Cohn notes that, even today, many people in academia and in wider society believe in the reality of witches' covens in the middle ages. They might disagree that such covens worshipped Satan - they might claim that they were in fact ancient fertility cults - but they still believed in warlocks and witches covens. When in fact, Cohn insists, these covens were an invention, a fantasy, a clerical error. There were occasional witch-doctors, and some of them might practice practical magic, which might involve spells and the invocation of demons for practical ends (love potions, finding treasure, cursing people and so on). But there were never networks of Devil worshippers committed to the worship of Satan, battle with God, the killing of babies, incestuous orgies etcetera. It was a dark fantasy invented by certain sick or cynical individuals in the Church, and then 'proven' through horrific torture on innocent people.

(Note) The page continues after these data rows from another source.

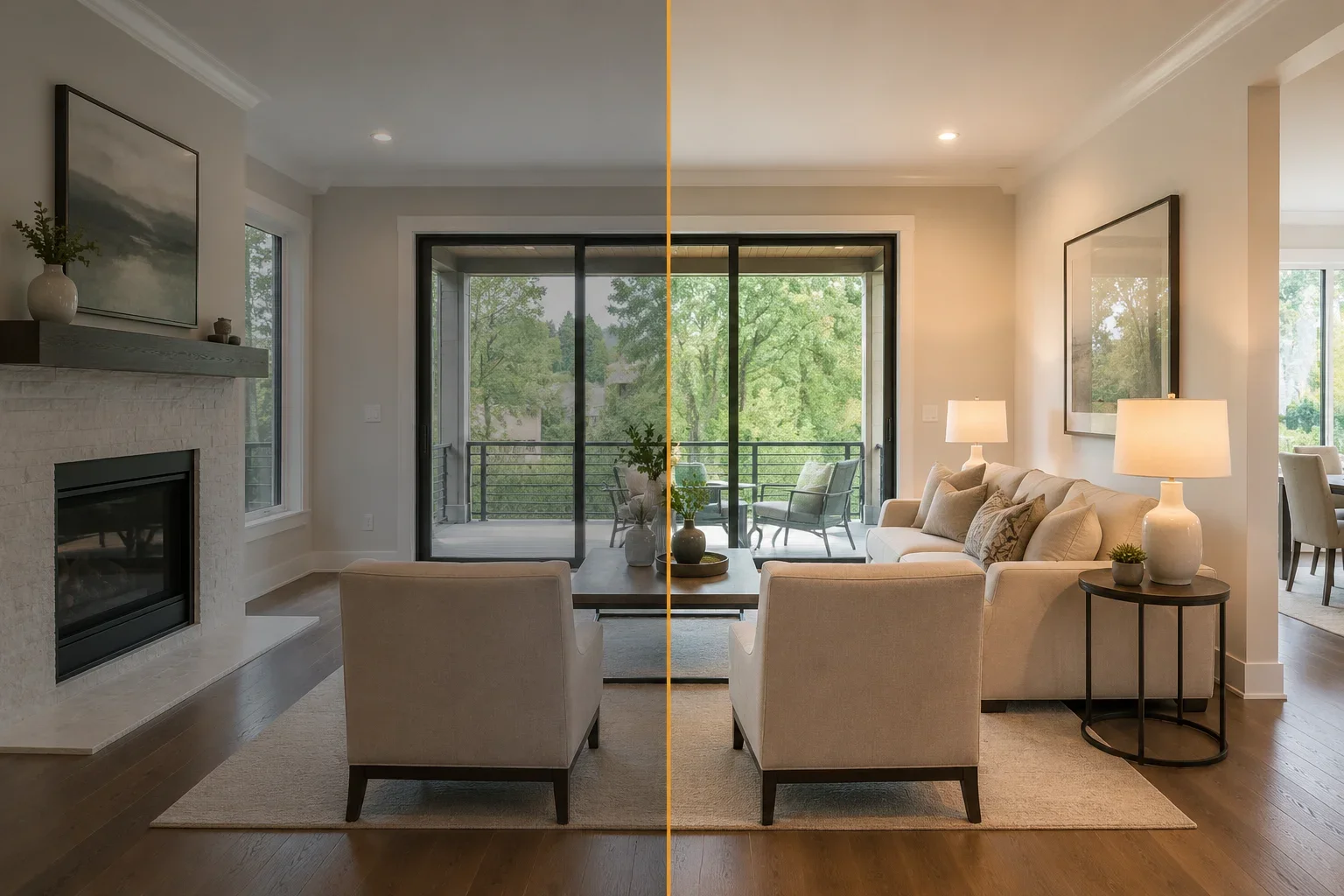 Living room with furniture, fireplace, and sliding glass doors leading to a balcony; split view showing before and after lighting adjustment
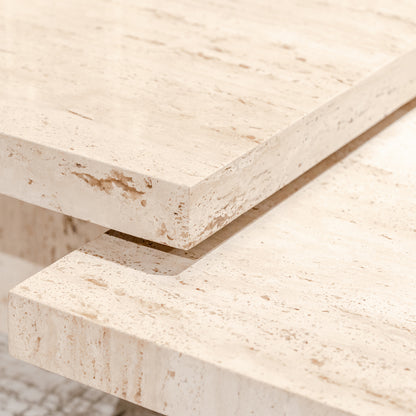 Salontafel La Cantera | Naturel Travertin | Set van 2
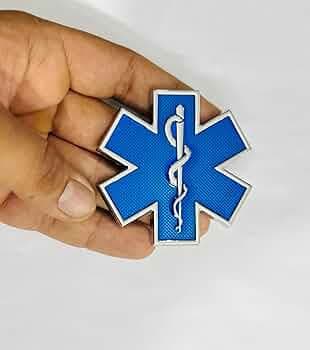 Blue Star of Life Doctor 3D Logo (6.3cmx6.3cm) Car Bike Laptop Doctor Sticker Car Emblem 3D Badge Sticker Universal Auto Racing Sport Logo Grand Tourer Decal.
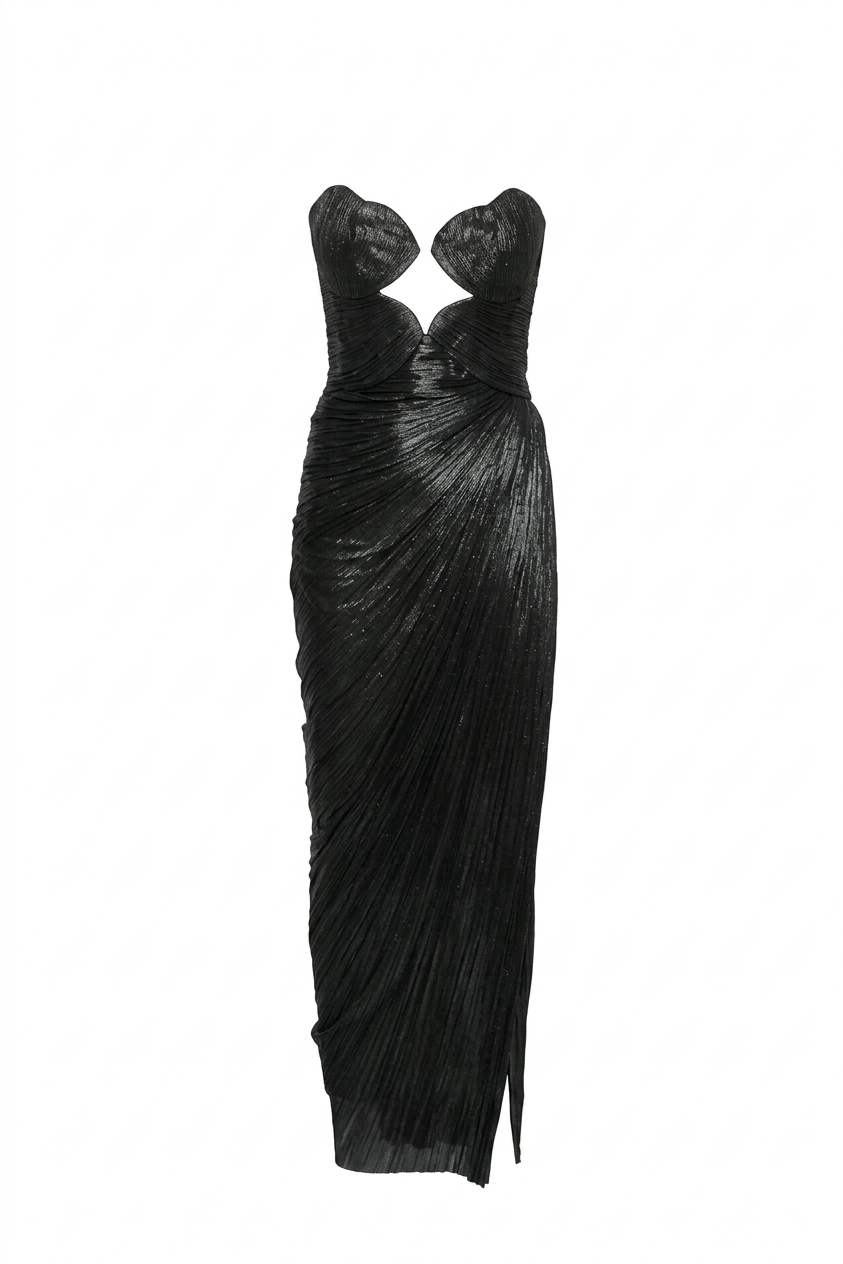 Abito maxi plisse amisha in verde scuro Maria lucia hohan - donna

And yet this clerical error has actually led to a religious movement today, via the Wicca movement, where various lonely souls who want to feel important meet up in covens to worship nature gods and perhaps to cast some spells. The modern Wiccans initially claimed to be the descendants of ancient witch covens, until they accepted that such claims were based on flawed scholarship. It's remarkable how historical errors can create whole religious movements. A similar thing helped to create the Renaissance passion for Hermetic magic. People were utterly convinced that the Corpus Hermeticum, the supposed magic books of the ancient magician Hermes Trismegistus, pre-dated the Old Testament, and that Hermes taught Moses his esoteric doctrine. In fact, this was another clerical error - the Corpus Hermeticum in fact dated from about a century or two after the death of Christ. But that didn't stop Hermetic magic from fooling a lot of intelligent people for several centuries.

Today, many people in the evangelical movement, including in the Church of England, are convinced that Satan controls the world and is pulling the strings behind the scenes of many events. They also believe that society is full of Devil worshipers, warlocks and witches, with whom they must do battle, like superheroes. Every superhero needs a supervillain.

This makes me glad that the Church does not wield much political power any more - because I think such fantasies are dangerous and harmful to society. The idea of the Devil has caused a lot of evil and suffering in the world. It is a bad idea, in my humble opinion, because it fosters paranoia and fear of our fellow humans, rather than compassion and love for them. We see the consequences of that idea in the terrible violence that the Church committed against people and nations back in the eras when a large amount of people genuinely believed in the Devil. I don't want to go back to those days, and see bodies burning on pyres once more.

I think the Devil idea often fed off fear of other people, cultures and ethnicities - you notice how, in the confessions of witches, the Devil is always black? How the evil race in the Book of Mormon is black? This, again, is somewhat ironic when Jesus and his disciples would be, how shall I put it, somewhat dark-skinned to our western eyes.

I also think the idea of the Devil leads to a perverted view of human sexuality, because the Church's fantasies of Devil-worship were so often sexual - fantasies of incestuous orgies etc. In other words, Christians were projecting their own sexual fantasies onto innocent people, and then killing them for it. They were getting their rocks off in a particularly messed up way - accusing people of vice, while also getting a vicarious thrill from the description of that vice (a similar sort of fucked-up-ness as one often finds in the Daily Mail today).

That's my opinion anyway. There's lots I love about Christianity and its message of love and social justice. The Devil is the bit of the New Testament that I particularly struggle with, and I think the social consequences of that idea are all too plain in history. Feel free to disagree.